If you haven't signed up yet for the "Read Outside Your Comfort Zone" challenge and would like to, you can learn more about it and fill out the form HERE. 


  1. Agree with your thoughts on the ending. I had the same complaint with the Twilight series, actually. Just a little too convenient and happy-ever-after for my tastes. That said, I really did enjoy this read, much more than I enjoyed Twilight. I'm looking forward to seeing where she will take it in future installments, which apparently she has plans in the works for.

  2. Yay! I really liked this book, it was hard to start and keep with it but it was all good after that. I loved learning about Wanderer's other lives, super cool. And Ian of course ;D
    And like Aylee said, there will be (I think) 2 more books, and a movie!

  3. Squee! So glad to hear you enjoyed it. The Twilight series has a special place in my heart for me, but I do think The Host is Meyer's best work.
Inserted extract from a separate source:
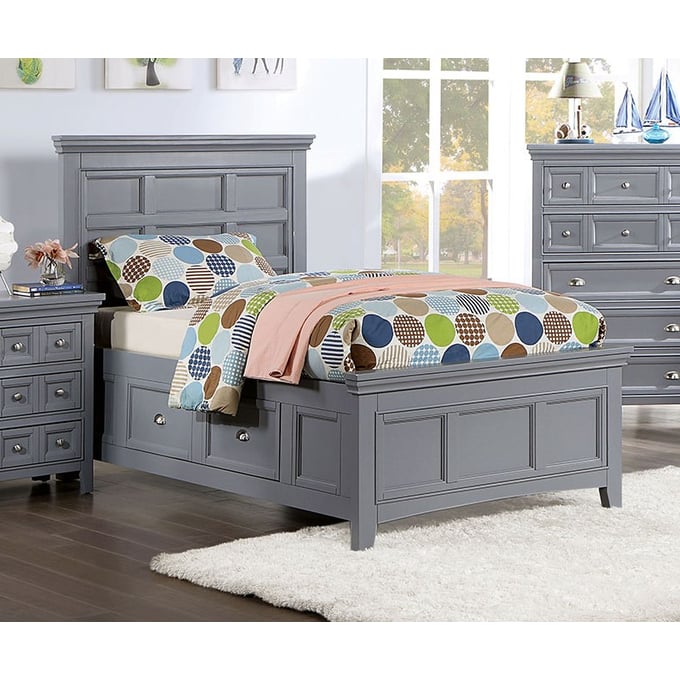 Furniture of America Castlile Gray Twin Bed FOA-CM7413GY-T-BED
The last I heard, she hasn't written the sequel but fingers crossed she gets to it eventually. I would love to see these characters -- Ian especially -- again.

  4. i haven't read this book and i didn't intend to because yes, i'm judging it by its author. okay, now i have to think about it. it really does sound interesting. I enjoyed reading your thoughts on it. fantastic review :)


  5. Sci-fi isn't my thing either but I took it up out of curiosity.
    After two chapters though, I put it on the back-burner.But after your review, I'll give it a try :)

  6. Hm, maybe I shouldn't have given away my copy. I had a beautiful hardcover but I gave it away after it had sat unread for a few years (I admit, the size put me off).

    It was tough keeping track of all those names in your review! :P

  7. I'm glad to hear you really enjoyed The Host! I'm remember from discussions on Chapters/Indigo that quite a few people had a hard time getting through the first 100 pages or so but after a certain point, the story really picked up.

    I totally want to re-read the book again after reading your review, lol!!

  8. I still need to read this one! I've heard that it's really good, though, and I'm glad you enjoyed it! I should definitely move this up my TBR list.

  9. Oh just reading your review brings back memories of when I read this book. It makes me just want to go and reread it!! I really was surprised at how much I liked this book. I am not a scifi person either but it was so well written. I really like Ian as well. I think the story was just surprisingly awesome. And of course you have to love Uncle Jeb and the little brother who is not so little anymore. Great review!